> _Data_:

☆ ☆ ☆

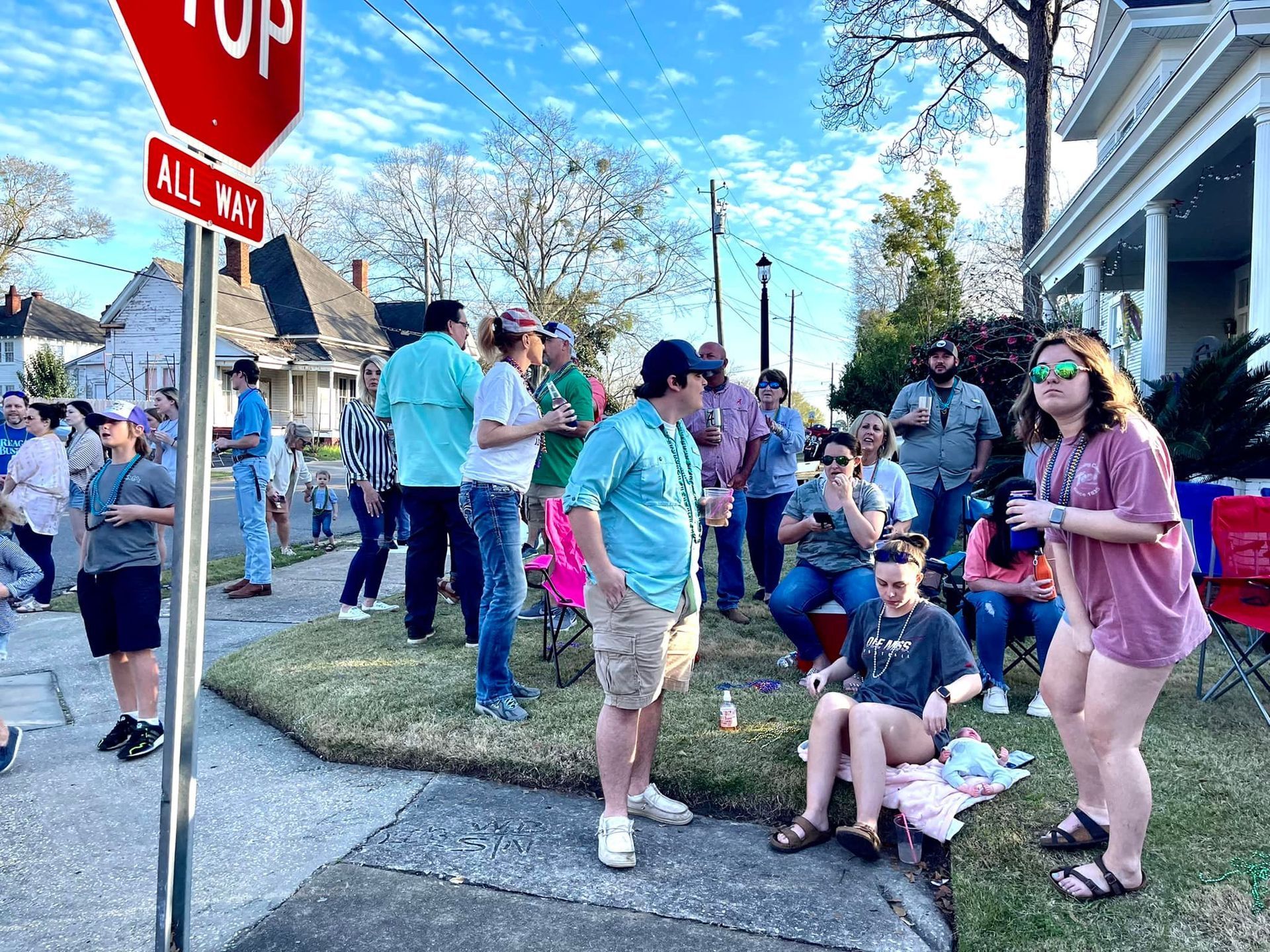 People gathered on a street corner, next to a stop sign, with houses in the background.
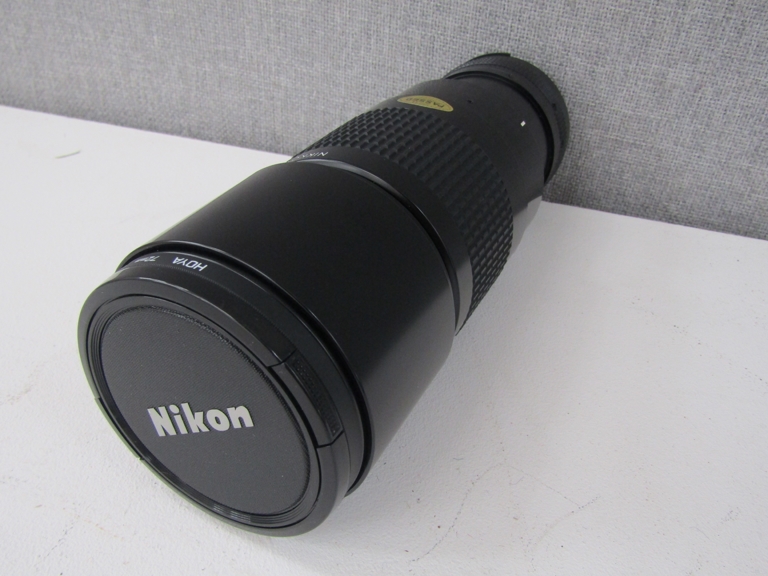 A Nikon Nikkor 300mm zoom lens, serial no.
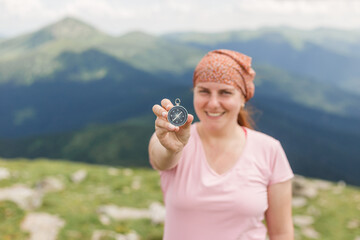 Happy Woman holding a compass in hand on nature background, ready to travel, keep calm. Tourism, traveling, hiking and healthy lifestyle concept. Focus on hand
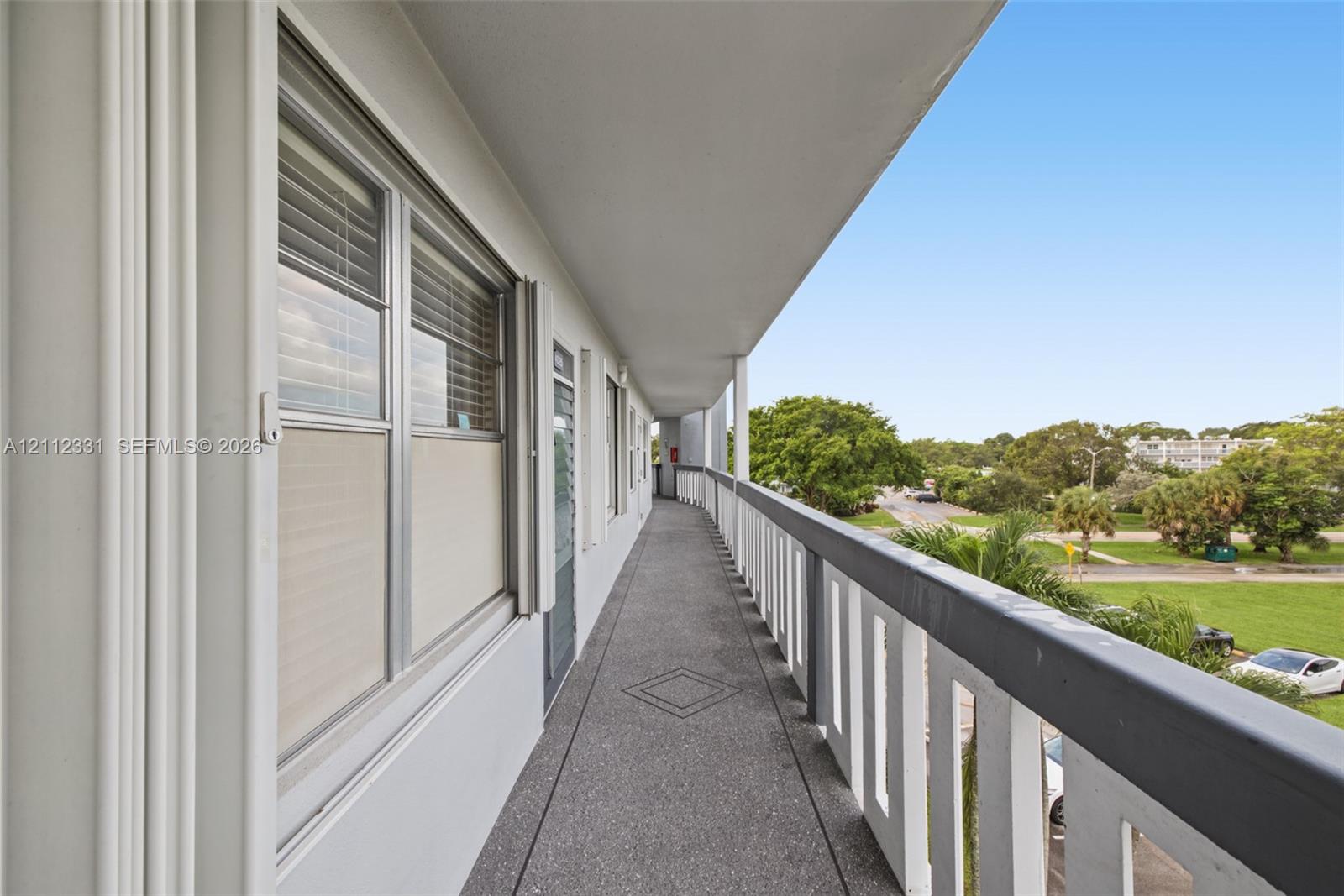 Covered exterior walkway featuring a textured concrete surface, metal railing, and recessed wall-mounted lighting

☆ ☆ ☆

> _Instructions to follow_: Without any pictures, output exactly the lines from the start of the material through the line that contains "A Nikon Nikkor 300mm zoom lens, serial no.", and only those.

> _Final answer_:
 People gathered on a street corner, next to a stop sign, with houses in the background.
 A Nikon Nikkor 300mm zoom lens, serial no.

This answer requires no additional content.